Before touching concurrency or route mode, write down the real target: allowed path patterns, approved fields, stop rule, and dedupe key. In one directory the dedupe key is a normalized profile URL. In another it is host plus profile ID, because category paths are noisy. The rule is the same in both cases: prove a page is new before sending the next request.

Route mode matches the session shape, not the target name

Broad public listing pages can rotate freely. A search-to-profile walk is easier with a sticky session, because the route stays steady while the crawler moves through one public flow. On a Proxynade pool, stickiness lives in the expanded username: add lifetime-<minutes> to hold the exit for that long. A flow that needs twenty minutes on one exit uses lifetime-20. Datacenter lines skip the lifetime token.

Proxy type follows the same logic. If the directory is open and forgiving, datacenter is the first cheap test. Volume Residential ($0.89/GB) covers regional visibility or reputation requirements. Premium Residential ($5.00/GB) is for the slice of the run that is actually burning retries. Static ISP applies only when a stable public route is part of the design — it is pay-per-IP with unlimited bandwidth, so the math only works for long-running fixed-exit tasks.

Session patternRoute modeProxy type to try first
Public listing pages, full rotationRotating (no lifetime token)Datacenter or Volume Residential
Search-to-profile walkSticky (lifetime-20 or similar)Volume Residential
High-retry segmentSticky or rotating depending on targetPremium Residential
Fixed public route, long-runningStaticStatic ISP

App counters and proxy meters count different things

The application counter tracks accepted profiles and maybe accepted pages. Cost per profile looks tidy. The proxy meter also counts redirects, filtered profiles, blocked pages, duplicate pages, retries, map tiles, image CDNs, and trackers. The dashboard network logs show host, outcome, latency, and byte totals per request. Usage logs export as CSV.

When people say the app is lying, this is the gap they mean. Compare both after each batch, not at the end of the run.

A domain blocklist saves more bandwidth than raising rate limits

If the research never uses map tiles, tracking hosts, widget scripts, or image galleries, block those hosts before raising concurrency. A crawler can behave politely on requests per second while spending most of each page load on files the parser discards.

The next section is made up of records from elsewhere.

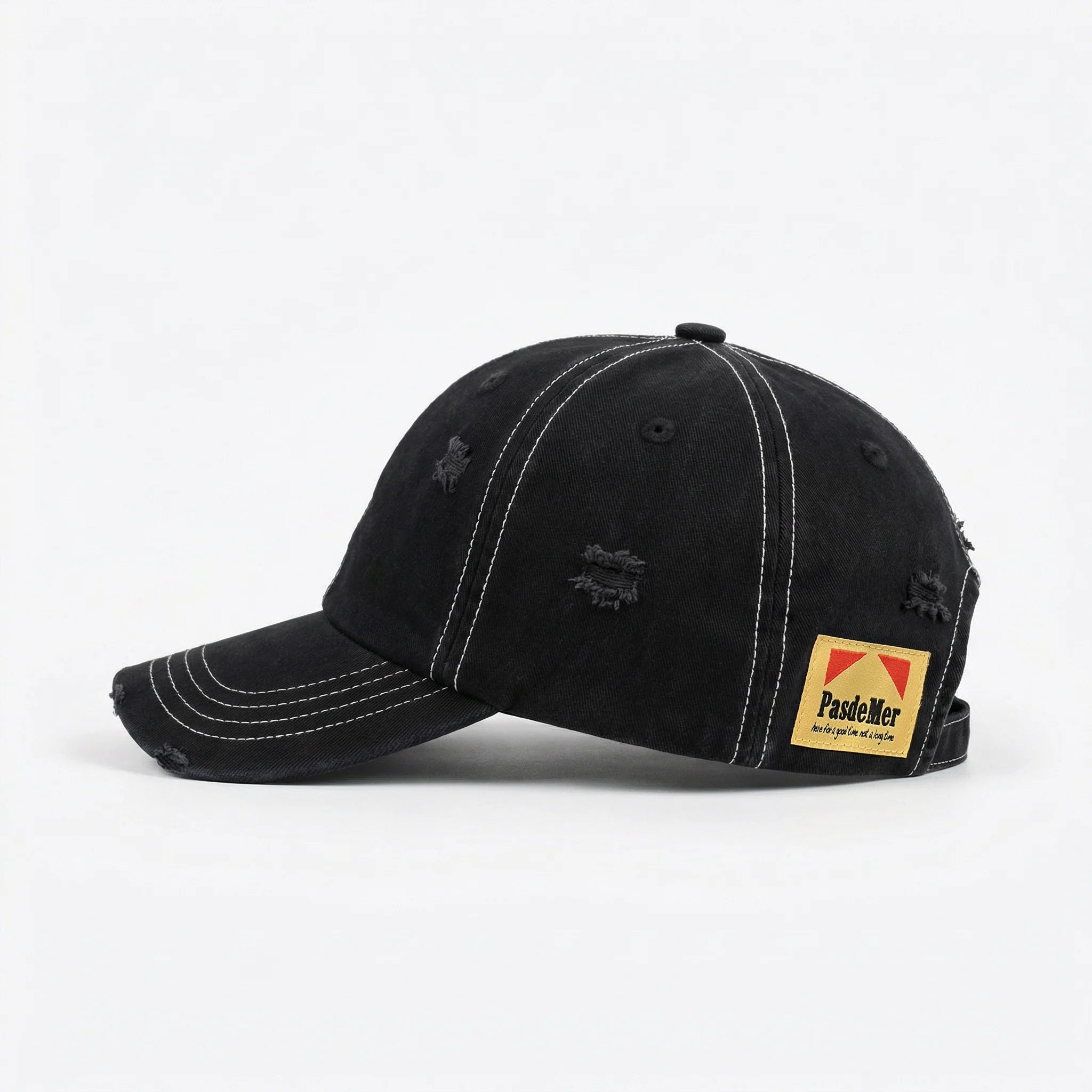 Black baseball cap with a yellow label on a white background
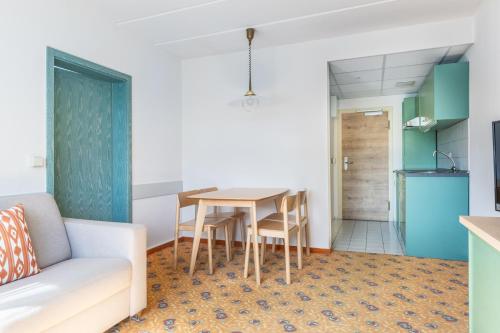 Ein Sitzbereich in der Unterkunft IFA Schöneck Hotel & Ferienpark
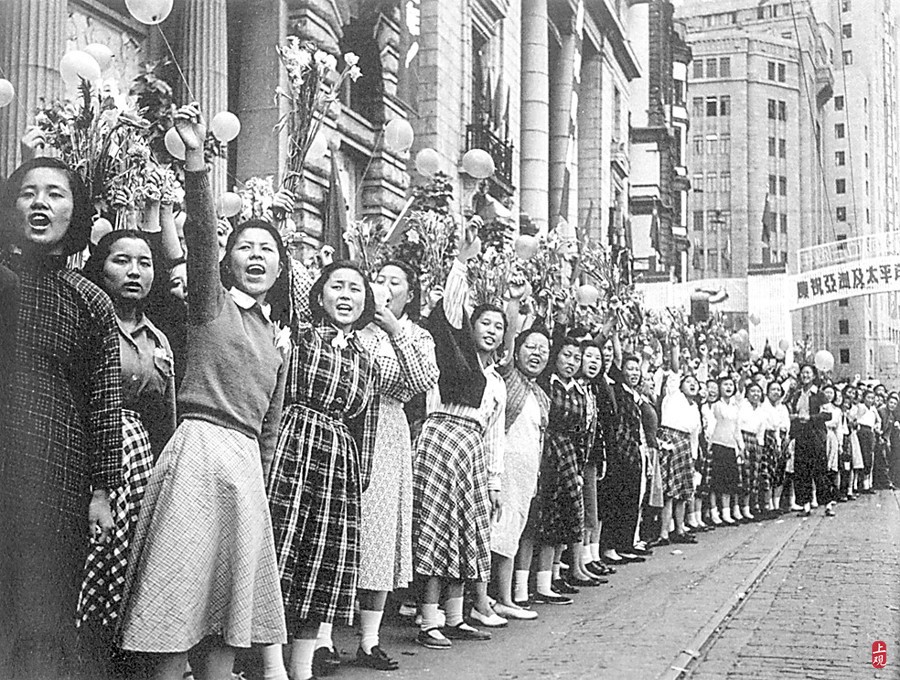 1952年10月1日，上海女性手持鲜花，向参加国庆游行的部队同志欢呼致敬。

Build the blocklist from the first batch. Export the usage log CSV, sort by bytes, and drop the hosts that never appear in accepted records. That list does not change much between runs on the same directory.

Public scope is a run-sheet decision, not a proxy setting

Logins, private profiles, private messages, paywalls, and robots restrictions are boundaries on the run sheet, not routing problems. If a directory marks a section as not available for automated collection, that section stays off the path list. No proxy configuration changes what the run is permitted to collect.

What to keep in the run folder

  • Run sheet: target host, allowed path patterns, approved fields, stop rule.
  • Dedupe key and deduplication method.
  • Route mode and proxy type used.
  • Rate limit set at the start.
  • App bytes and proxy meter bytes after each batch.
  • Accepted profile count per batch.

If numbers look odd after the run, that folder is enough to see whether the crawler drifted, the directory changed structure, or the proxy layer carried exactly the work it was given.